The Long View: Deep Time in Moab
by Allyson Mathis

Geology forces those who practice the science to develop a long view. Even laypeople who just appreciate the geology of a region like Utah’s canyon country gain an appreciation of a time scale greater than our own. Geologic time spans intervals entirely different than our human one of days, weeks, months, and years. The events that make up the geologic history of Moab took place over intervals of tens of millions of years, occurring as long ago as hundreds of millions of years in the past. Developing a perspective on geologic time is one of the greatest intellectual challenges among all the sciences, right with understanding the vast distances found in interstellar space and the strange behaviors seen in particle physics.
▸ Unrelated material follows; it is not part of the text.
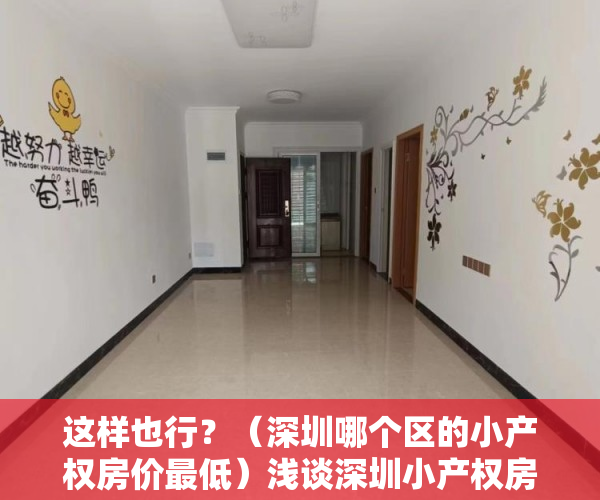 这样也行？（深圳哪个区的小产权房价最低）浅谈深圳小产权房和商品房的区别，深圳小产权房价位，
The concept of geologic time has been called the geosciences’ greatest contribution to human thought. This is a remarkable statement in light of what the science of geology has given us; ranging from everything from oil, gas, gold, and silver to concrete and clay. Further, the geosciences have fired our collective imaginations and enriched our intellectual lives with the discovery and description of prehistoric faunas such as the dinosaurs and trilobites, as well as by measuring that that the very continents that we inhabit are slowly moving relative to each other at the rates that fingernails grow. Geologic time, or “deep time” to use John McPhee’s memorable phrase from his classic book Basin and Range, is an essential component of every aspect of the science of geology, and has revolutionized our relationship with our planet.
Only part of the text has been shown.